US halves tariffs on imports of Turkish steel

Published 17.05.2019 10:43
Updated 17.05.2019 12:14
Steel rods are seen at the Badische Stahlwerke (BSW) steel plant in Germany May 13, 2019. (REUTERS Photo)
Steel rods are seen at the Badische Stahlwerke (BSW) steel plant in Germany May 13, 2019. (REUTERS Photo)

U.S. President Donald Trump reduced tariffs on Turkish steel imports Thursday from 50% to 25%, citing what he said were necessary import reductions.

That will put tariffs at the level they were at before the president decided to double them last August amid tensions over a since-freed American pastor who was detained in Turkey.

During that time, the U.S. and Turkey imposed reciprocal tariffs on a number of goods, including Turkish steel and aluminum.

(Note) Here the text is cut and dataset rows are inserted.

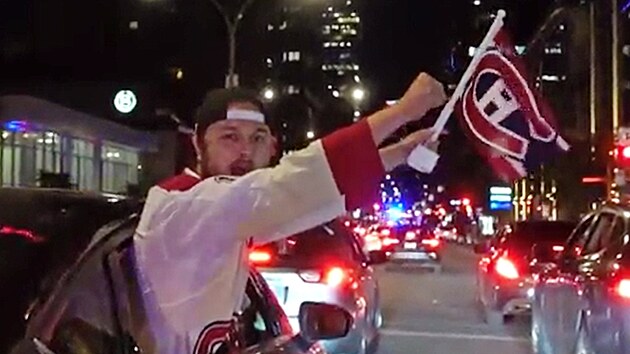 Fanouci Montrealu oslavují postup do finále Stanley Cupu.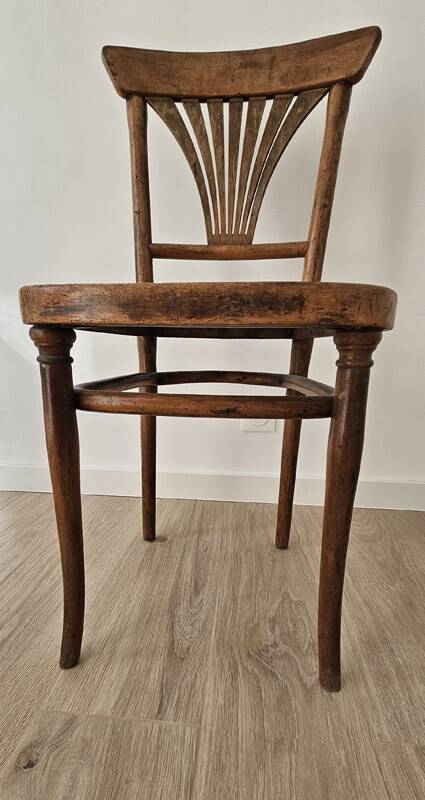 Vintage Thonet chair, wood and caning, no. 221.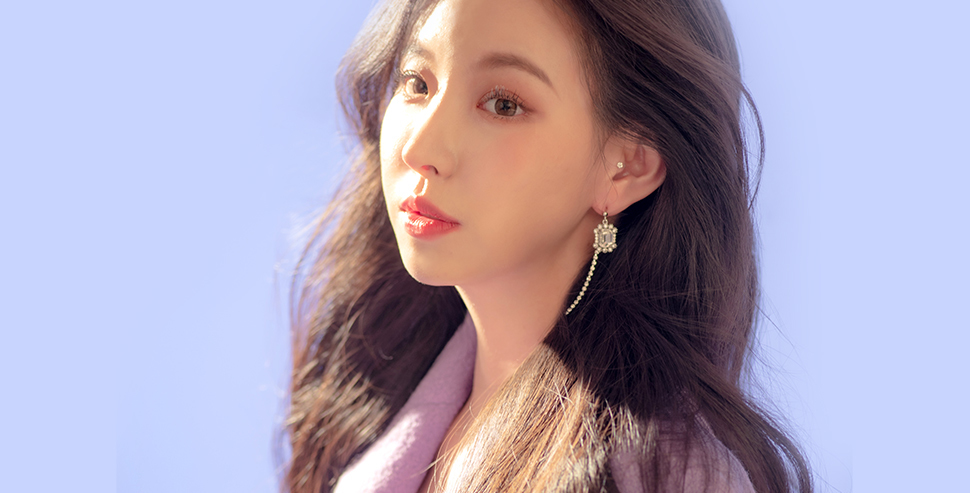 이마에 굴곡이 있어 울퉁불퉁한 경우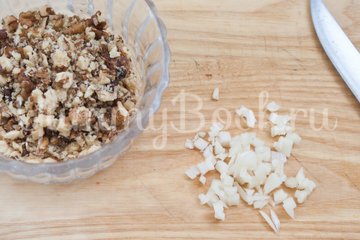 Салат из баклажанов, брынзы, помидоров и орехов - шаг 3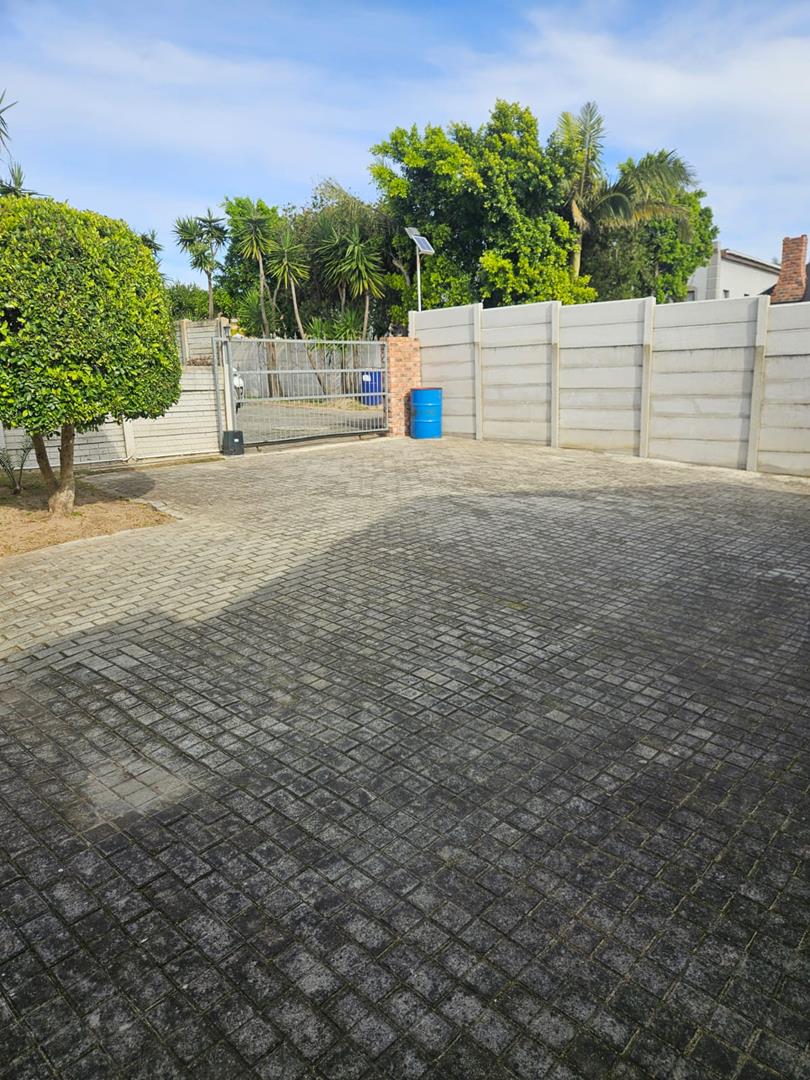 4 Bedroom Property for Sale in Kamma Heights Eastern Cape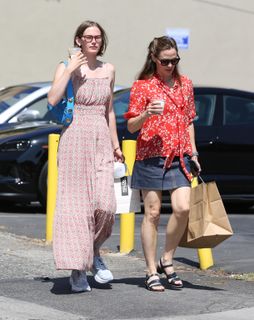 Jennifer Garner feet photo 3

Trump said in his proclamation that imports of steel products from Turkey declined 48% in 2018, "with the result that the domestic industry's capacity utilization has improved at this point to approximately the target level recommended" by Commerce Secretary Wilbur Ross.

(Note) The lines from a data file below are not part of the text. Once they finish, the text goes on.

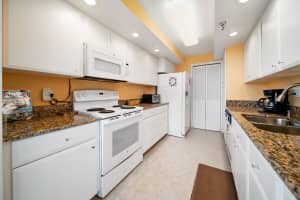 859 Jeffery St, Boca Raton, FL 33487, Sold 06/04/21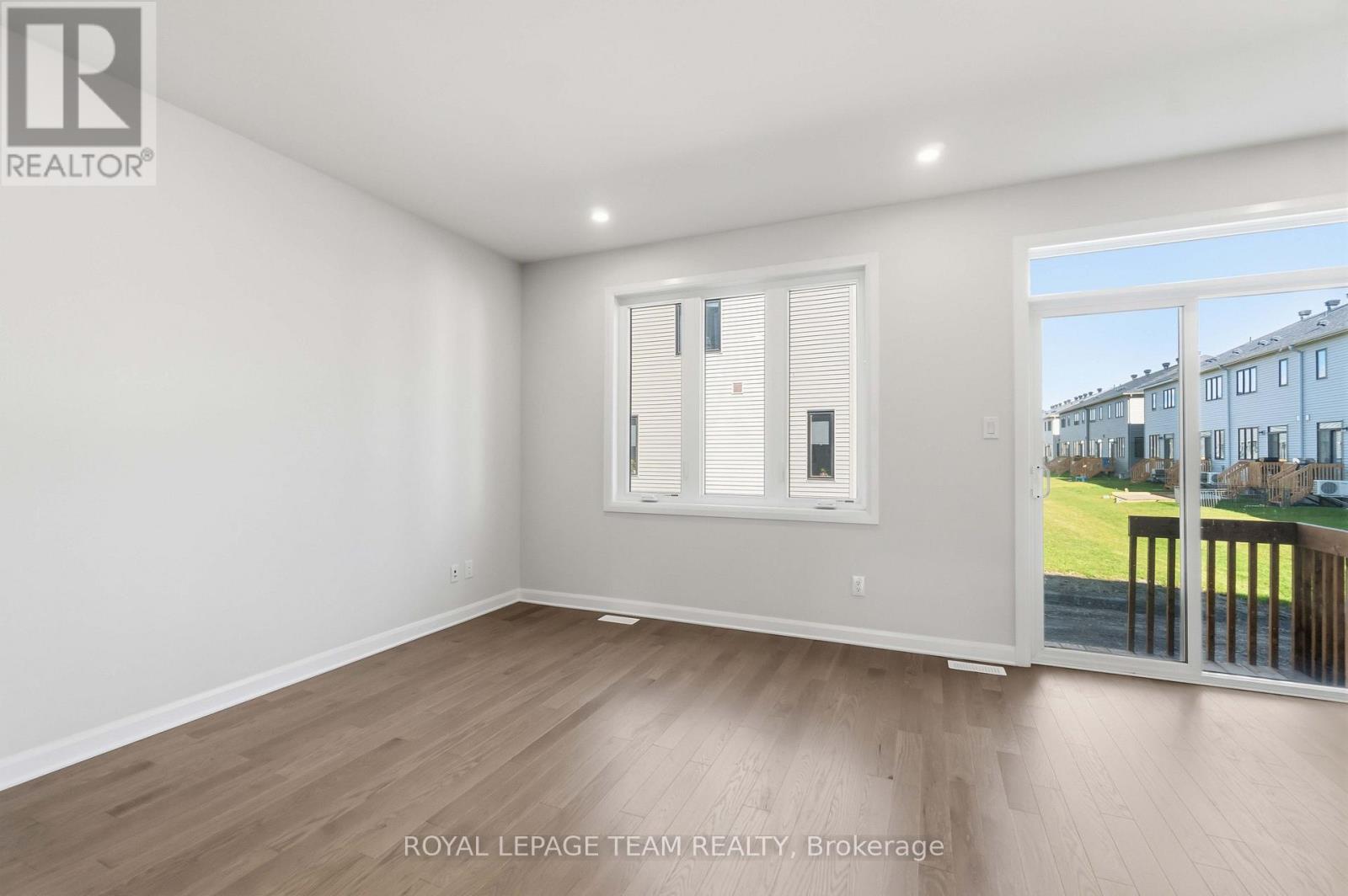 837 Eileen Vollick Crescent, Ottawa, Ontario  K2W 0M8 - Photo 7 - X13863118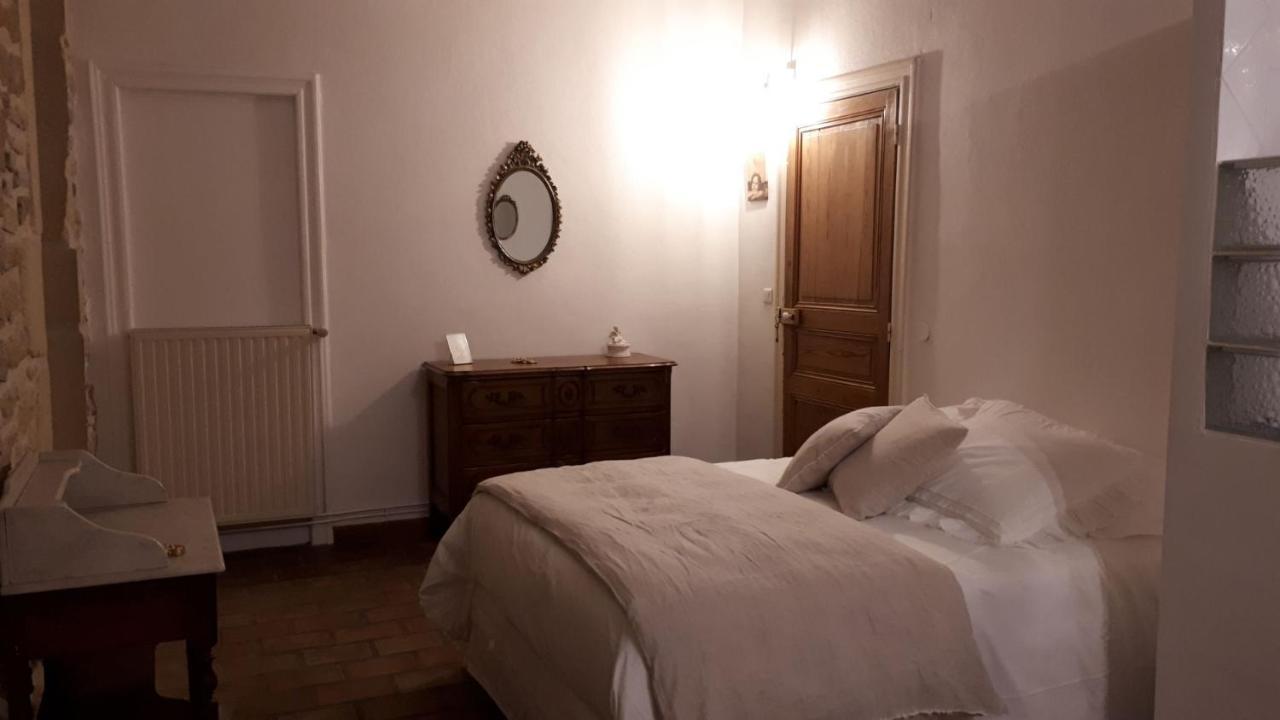 La Demeure Bed And Breakfast Aubais Exteriör bild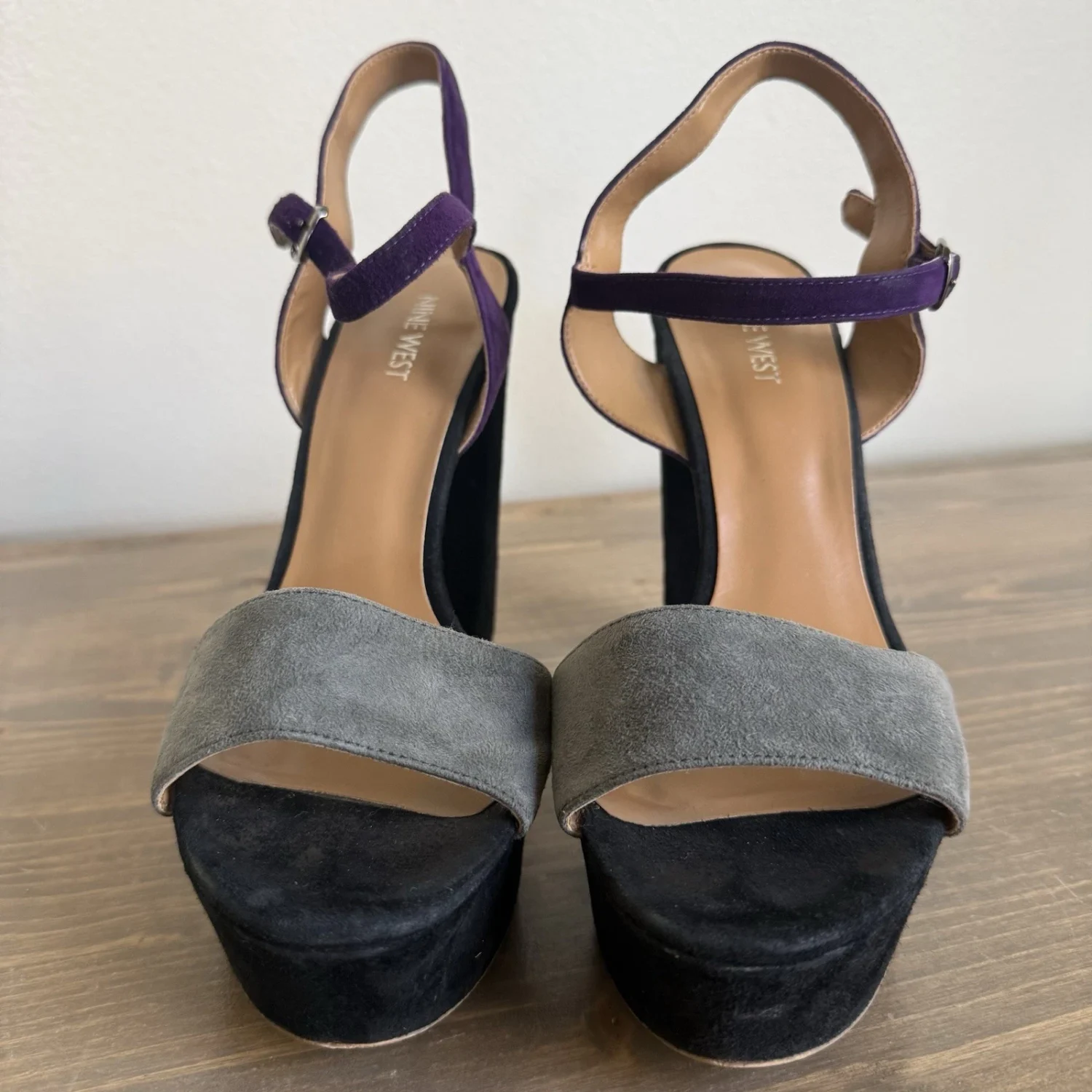 Nine West 女式 8.5 米灰色紫色皮革厚底超高跟鞋凉鞋-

That level, Trump said, "will improve the financial viability" of the U.S. steel industry in the long term.

"Given these improvements, I have determined that it is necessary and appropriate to remove the higher tariff on steel imports from Turkey," Trump said.

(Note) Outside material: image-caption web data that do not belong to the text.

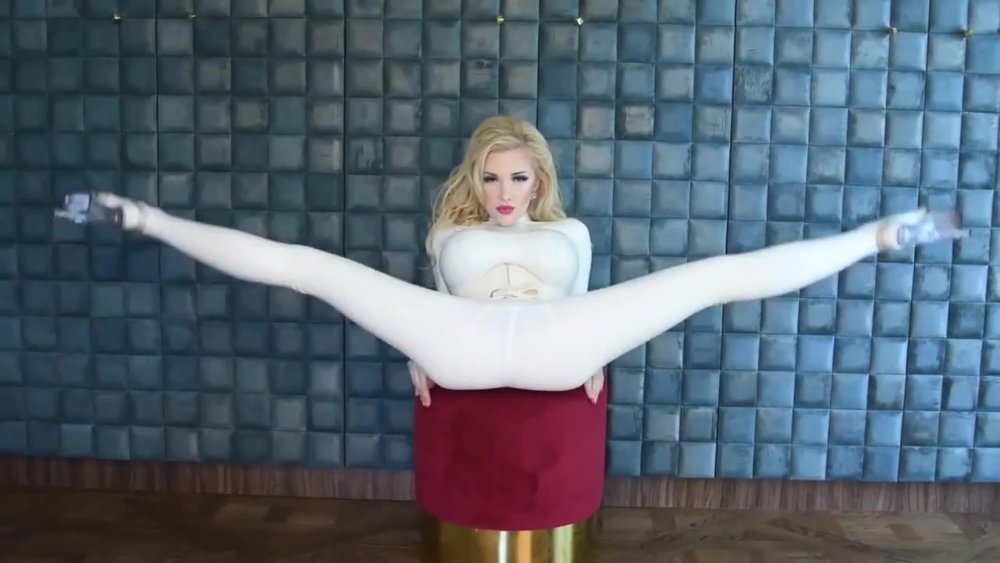 Julia Gütnel (Lotta Zlata)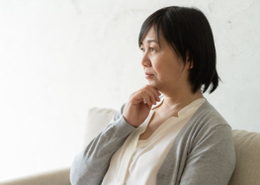 Nhìn ảnh con gái rạng rỡ bên mẹ chồng trên bãi biển, mẹ ruột quyết định không hy sinh thêm lần nào nữa - Ảnh 1.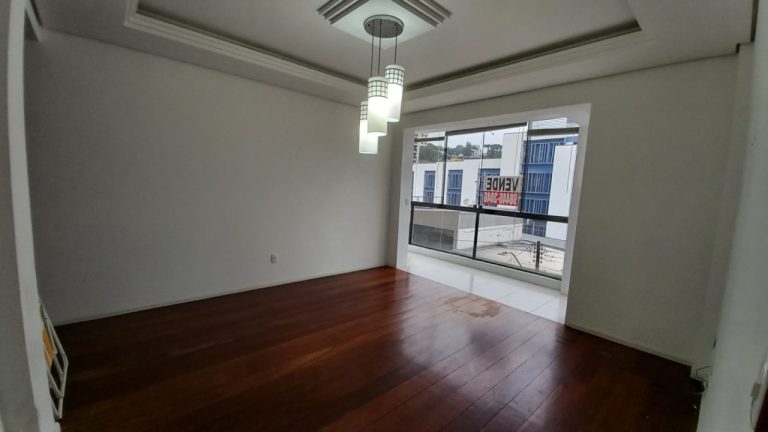 APARTAMENTO COM 1 DORMITÓRIO, UMA GARAGEM NO CENTRO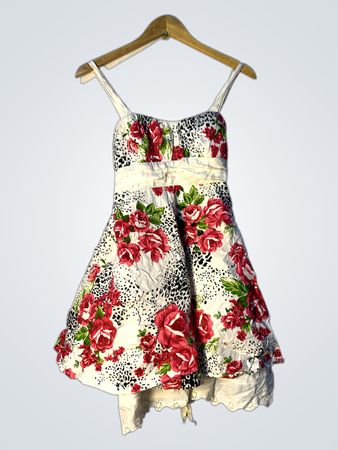 Blumenmusterkleid mit Spitzeneinsatz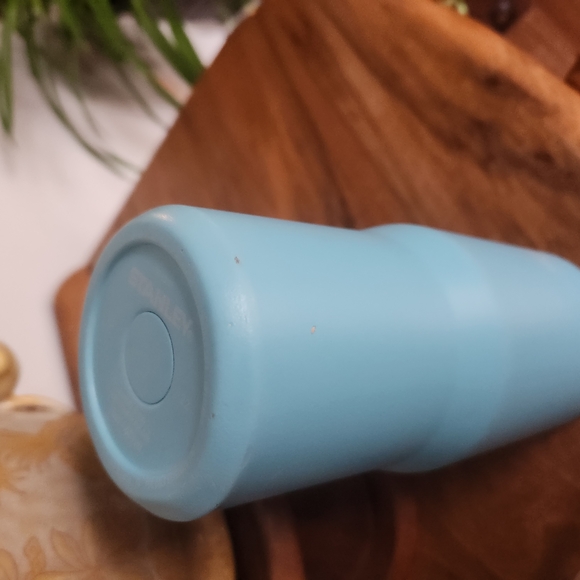 Stanley 30oz Flip Straw Iceflow - Picture 5 of 9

His proclamation said that maintaining the 25% tariffs remains "necessary," however.

Commenting on the move, Trade Minister Ruhsar Pekcan said that the decision to reduce tariffs was "a positive development", and Ankara's expectation was for all obstacles against bilateral trade to be lifted.

The White House also said it will terminate Turkey's preferential trade treatment that allowed some exports to enter the country duty free.

The U.S. said it was appropriate to terminate Turkey's eligibility to participate in the Generalized System of Preferences (GSP) program, based on its level of economic development.

The U.S. Trade Representative (USTR) in early March said Turkey was no longer eligible to participate because it "is sufficiently economically developed." It had begun reviewing the NATO ally's status in the program last August when the two countries were embroiled in a diplomatic row.

But Ankara had been hopeful that Washington would not go ahead with the decision, saying it would be against the $75 billion target for mutual trade laid out by President Donald Trump and President Tayyip Erdoğan.

Trump's decisions will be effective Friday.